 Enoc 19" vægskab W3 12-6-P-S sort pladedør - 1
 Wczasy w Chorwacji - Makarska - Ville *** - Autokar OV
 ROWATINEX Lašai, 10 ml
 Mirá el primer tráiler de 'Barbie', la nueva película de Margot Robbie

--

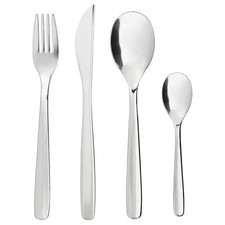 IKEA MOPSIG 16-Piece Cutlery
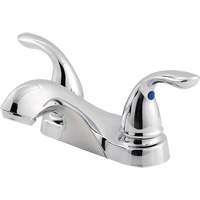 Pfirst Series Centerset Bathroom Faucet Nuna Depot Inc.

**INSTRUCTIONS FOR THE TASK:** Please return only the lines above, starting at the line that has "Wczasy w Chorwacji" and ending at the line that has "Mirá el primer", keeping both and leaving each one unchanged.

**SOLUTION TO THIS EXERCISE:**
 Wczasy w Chorwacji - Makarska - Ville *** - Autokar OV
 ROWATINEX Lašai, 10 ml
 Mirá el primer tráiler de 'Barbie', la nueva película de Margot Robbie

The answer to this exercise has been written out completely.